Borrowing its title from René Daumal’s unfinished novel Mount Analogue: A Novel of Symbolically Authentic Non-Euclidean Adventures in Mountain Climbing, the exhibition is both an homage to and extension of Daumal’s metaphysical journey. In the novel, a band of explorer- philosophers search for a mythical mountain—a place said to bridge the terrestrial and the divine. This mountain, elusive and allegorical, reveals itself only to those who seek it with intention.
It must be unique, and it must exist geographically. The door to the invisible must be visible.

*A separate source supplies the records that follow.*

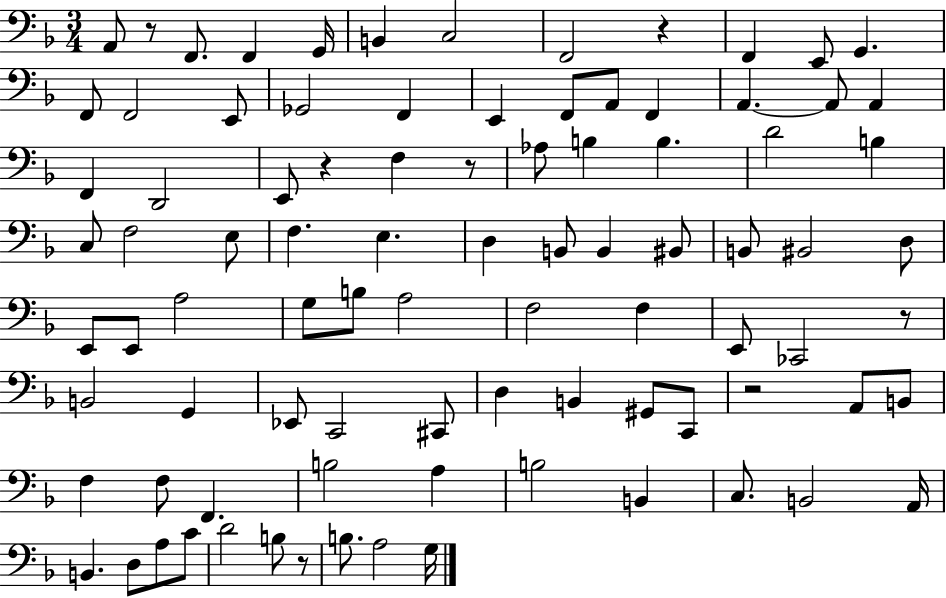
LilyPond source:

{
  \clef bass
  \numericTimeSignature
  \time 3/4
  \key f \major
  a,8 r8 f,8. f,4 g,16 | b,4 c2 | f,2 r4 | f,4 e,8 g,4. | \break f,8 f,2 e,8 | ges,2 f,4 | e,4 f,8 a,8 f,4 | a,4.~~ a,8 a,4 | \break f,4 d,2 | e,8 r4 f4 r8 | aes8 b4 b4. | d'2 b4 | \break c8 f2 e8 | f4. e4. | d4 b,8 b,4 bis,8 | b,8 bis,2 d8 | \break e,8 e,8 a2 | g8 b8 a2 | f2 f4 | e,8 ces,2 r8 | \break b,2 g,4 | ees,8 c,2 cis,8 | d4 b,4 gis,8 c,8 | r2 a,8 b,8 | \break f4 f8 f,4. | b2 a4 | b2 b,4 | c8. b,2 a,16 | \break b,4. d8 a8 c'8 | d'2 b8 r8 | b8. a2 g16 | \bar "|."
}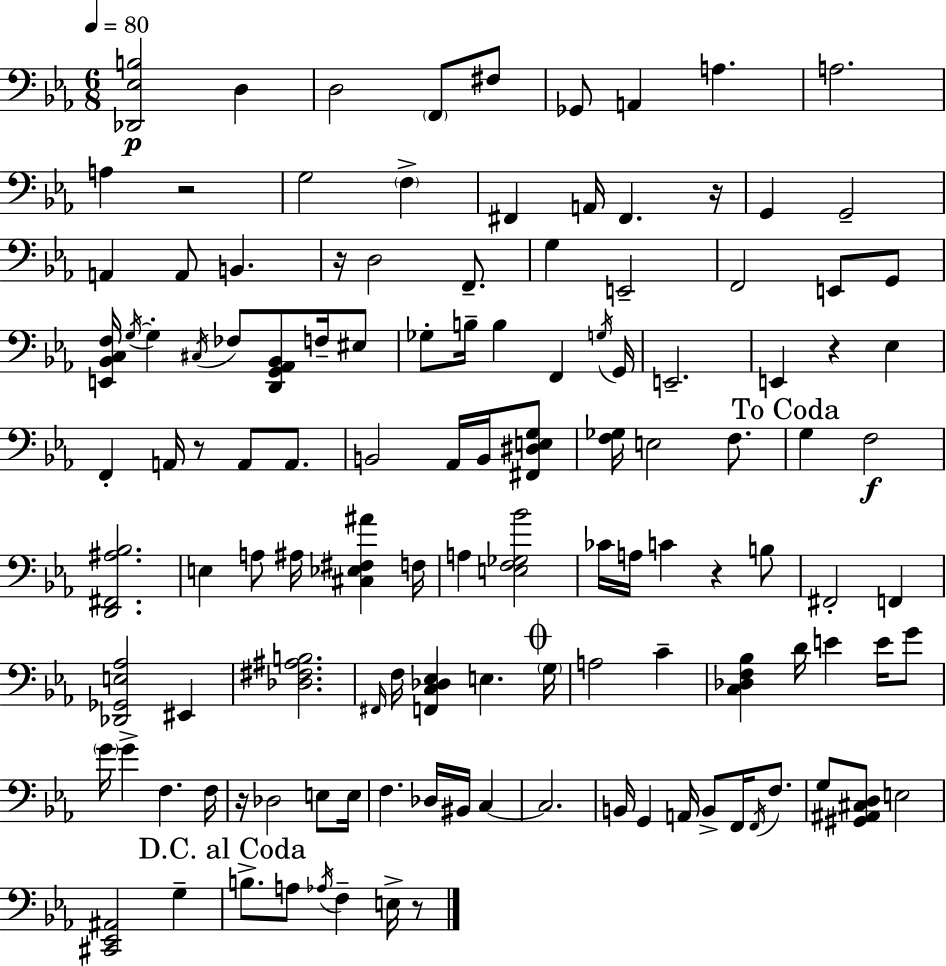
X:1
T:Untitled
M:6/8
L:1/4
K:Eb
[_D,,_E,B,]2 D, D,2 F,,/2 ^F,/2 _G,,/2 A,, A, A,2 A, z2 G,2 F, ^F,, A,,/4 ^F,, z/4 G,, G,,2 A,, A,,/2 B,, z/4 D,2 F,,/2 G, E,,2 F,,2 E,,/2 G,,/2 [E,,_B,,C,F,]/4 G,/4 G, ^C,/4 _F,/2 [D,,G,,_A,,_B,,]/2 F,/4 ^E,/2 _G,/2 B,/4 B, F,, G,/4 G,,/4 E,,2 E,, z _E, F,, A,,/4 z/2 A,,/2 A,,/2 B,,2 _A,,/4 B,,/4 [^F,,^D,E,G,]/2 [F,_G,]/4 E,2 F,/2 G, F,2 [D,,^F,,^A,_B,]2 E, A,/2 ^A,/4 [^C,_E,^F,^A] F,/4 A, [E,F,_G,_B]2 _C/4 A,/4 C z B,/2 ^F,,2 F,, [_D,,_G,,E,_A,]2 ^E,, [_D,^F,^A,B,]2 ^F,,/4 F,/4 [F,,C,_D,_E,] E, G,/4 A,2 C [C,_D,F,_B,] D/4 E E/4 G/2 G/4 G F, F,/4 z/4 _D,2 E,/2 E,/4 F, _D,/4 ^B,,/4 C, C,2 B,,/4 G,, A,,/4 B,,/2 F,,/4 F,,/4 F,/2 G,/2 [^G,,^A,,^C,D,]/2 E,2 [^C,,_E,,^A,,]2 G, B,/2 A,/2 _A,/4 F, E,/4 z/2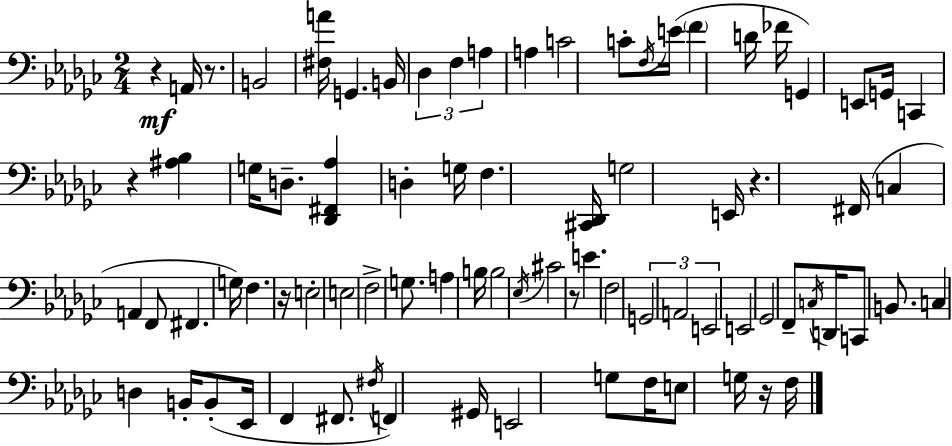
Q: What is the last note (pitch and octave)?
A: F3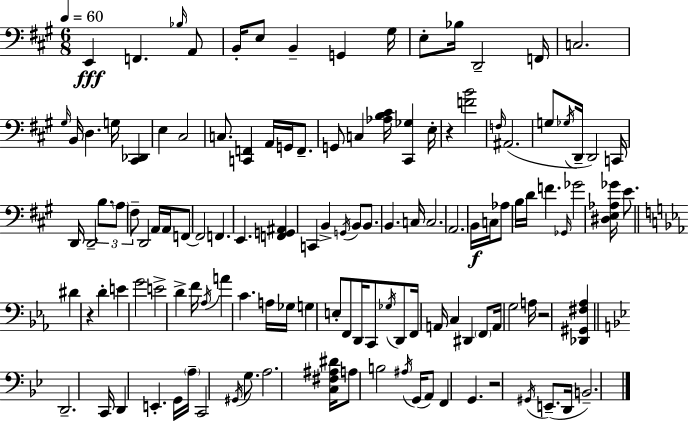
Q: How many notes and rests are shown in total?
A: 125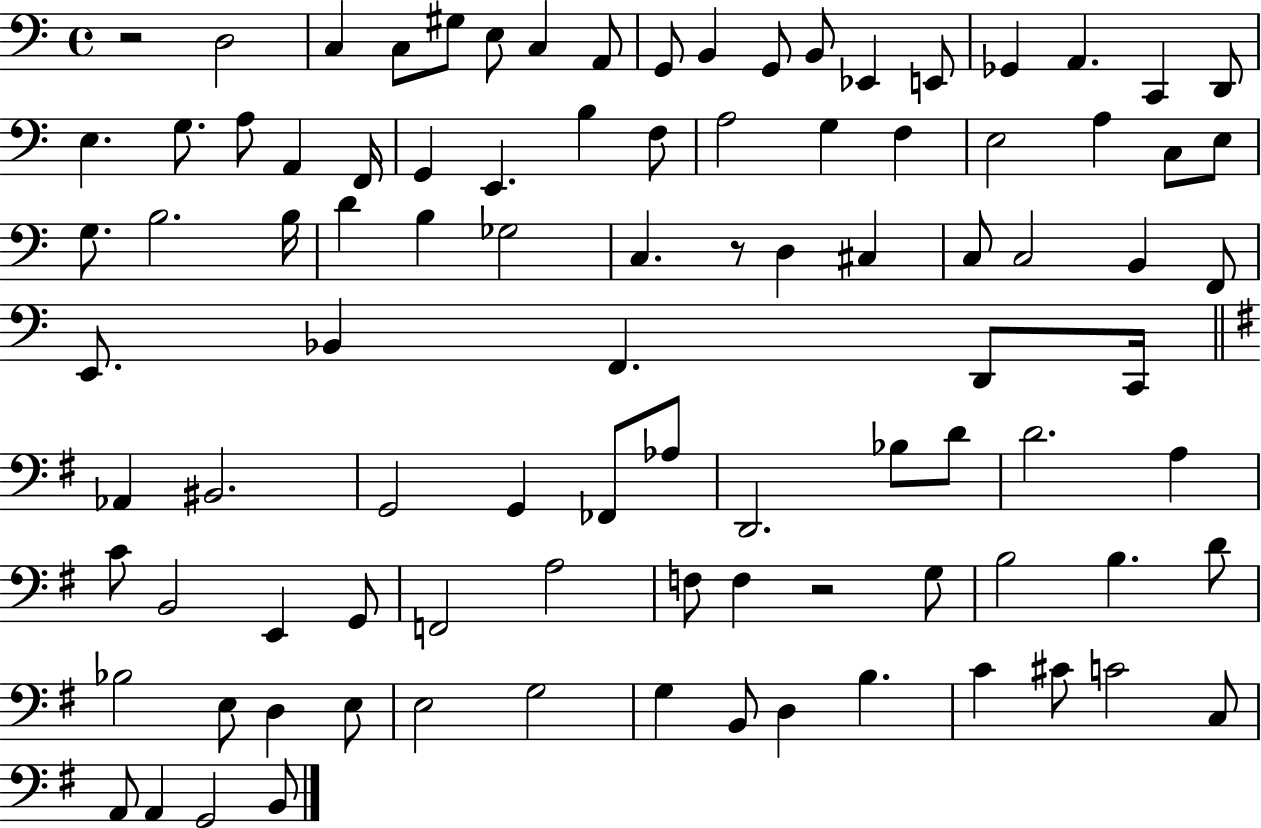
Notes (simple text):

R/h D3/h C3/q C3/e G#3/e E3/e C3/q A2/e G2/e B2/q G2/e B2/e Eb2/q E2/e Gb2/q A2/q. C2/q D2/e E3/q. G3/e. A3/e A2/q F2/s G2/q E2/q. B3/q F3/e A3/h G3/q F3/q E3/h A3/q C3/e E3/e G3/e. B3/h. B3/s D4/q B3/q Gb3/h C3/q. R/e D3/q C#3/q C3/e C3/h B2/q F2/e E2/e. Bb2/q F2/q. D2/e C2/s Ab2/q BIS2/h. G2/h G2/q FES2/e Ab3/e D2/h. Bb3/e D4/e D4/h. A3/q C4/e B2/h E2/q G2/e F2/h A3/h F3/e F3/q R/h G3/e B3/h B3/q. D4/e Bb3/h E3/e D3/q E3/e E3/h G3/h G3/q B2/e D3/q B3/q. C4/q C#4/e C4/h C3/e A2/e A2/q G2/h B2/e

In that spirit, Mount Analogue gathers artists whose works approach nature not as subject, but as metaphor, inviting viewers to engage with the physical world as a cipher for the spiritual and unseen. At first glance, the works in this exhibition appear luminous, even delicate. Look closer, however, and they yield a deeper complexity: ambiguity, contradiction, and a quiet invitation to shift one’s way of seeing.
Mount Analogue is, in a sense, an exhibition of peradams and mystical objects from Daumal’s novel that are visible only to those who seek them with pure intent. The artists gathered here do not depict nature as it is, but as it might be: veiled, inverted, or diffused through the lens of inner life. Together, their works suggest that the extraordinary is not always hidden, it is often simply overlooked.
As Daumal reminds us, “The only real voyage of discovery consists not in seeking new landscapes, but in having new eyes.”